The questions that you might expect to come up were featured front and centre: affordable housing, those damnable bike lanes (alas), development and which parties were in the developers’ pockets, parks and recreation and adequate funding for public facilities, the Downtown Eastside (but not homelessness), reining in City Hall’s budget or at least prioritizing expenditures differently than has been the case with Vision Vancouver, and the need for a new city plan for each of Vancouver’s 23 neighbourhoods.
In 2014, the Mount Pleasant Council all-candidates forum, held at Heritage Hall at 15th and Main, was the most raucous and engaged all-candidate debate of the entire 2014 Vancouver election season.
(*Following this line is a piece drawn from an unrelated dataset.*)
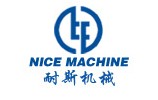 Dongguan Nice Machine Manufacturing Co., Ltd.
In stark contrast, Wednesday night’s well-attended City Council all-candidates forum was muted in comparison: too many representatives from too many civic parties, with too many utterly unknown Council candidates participating, with only one City Council incumbent in attendance — the Green Party’s beloved communicator and City Councillor extraordinaire, Adriane Carr.
By forum’s end four things were clear: forum attendees possessed a universal visceral hatred for Vision Vancouver; the Green Party in all its humility, good cheer, humanity and intelligence is absolutely and utterly beloved, at least by those in attendance and more probably by a broad spectrum of potential Vancouver votes; the Green Party’s Pete Fry and the NPA’s Sarah Kirby-Yung — two of the must-elects in this election — were by far the best speakers of the evening, the best informed with a broad grasp of the issues, and the most well-received of all the candidates at the front of the room (the Greens’ Adriane Carr & Michael Wiebe arrived a bit late — important civic business, given that both are current electeds in civic governance — and chose to remain as a part of the audience); and voters are hankering for change, and not more of the same old, same old.

Kennedy Stewart formally endorsed by OneCity Vancouver as their choice for Mayor

Looking like the cat that ate the canary, independent Mayoral aspirant Kennedy Stewart on Wednesday morning — despite VanRamblings formally endorsing independent Shauna Sylvester for Mayor — was formally endorsed by the members and the Board of OneCity Vancouver as their ‘certain-to-be-elected‘ (they feel), and ‘someone they want to work with and have confidence in’, Mayoral candidate of choice.
For the record, OneCity Vancouver is, by far, VanRamblings’ favourite feminist, woman-driven civic party, the only party with a consistent & well-thought-out political analysis in the 2018 Vancouver municipal election. Now, we’re not saying that we don’t think Shauna Sylvester wouldn’t make a first-rate Mayor for Vancouver — we believe that with all our heart, and to the depth of our being — rather, we’re saying that Alison Atkinson, Anna Chudnovksy, Cara Ng, Kyla Epstein, Mia Edbrooke, Marcy Toms, Adi Pick, Claudia Ferris, Helesia Luke, Abby Leung, Joey Hartman, Sharon Yandle, Thea Dowler, Jennifer Reddy, Carrie Bercic, Erica Jaaf, Christine Boyle and a host of other change-making, action-oriented, difference-maker women of conscience may, just may mind you (and, most likely do), know more than that VanRamblings fella who writes these posts on this blog, and that in choosing Kennedy Stewart as OneCity Vancouver’s Mayoralty candidate of choice, these fine women are smart political cookies, and probably (okay, certainly) much smarter than the writer of this blog.
And wouldn’t you know, no sooner do the good folks involved with OneCity Vancouver formally endorse Kennedy Stewart as their Mayoralty candidate of choice, than the Vancouver Sun publishes a story that reads …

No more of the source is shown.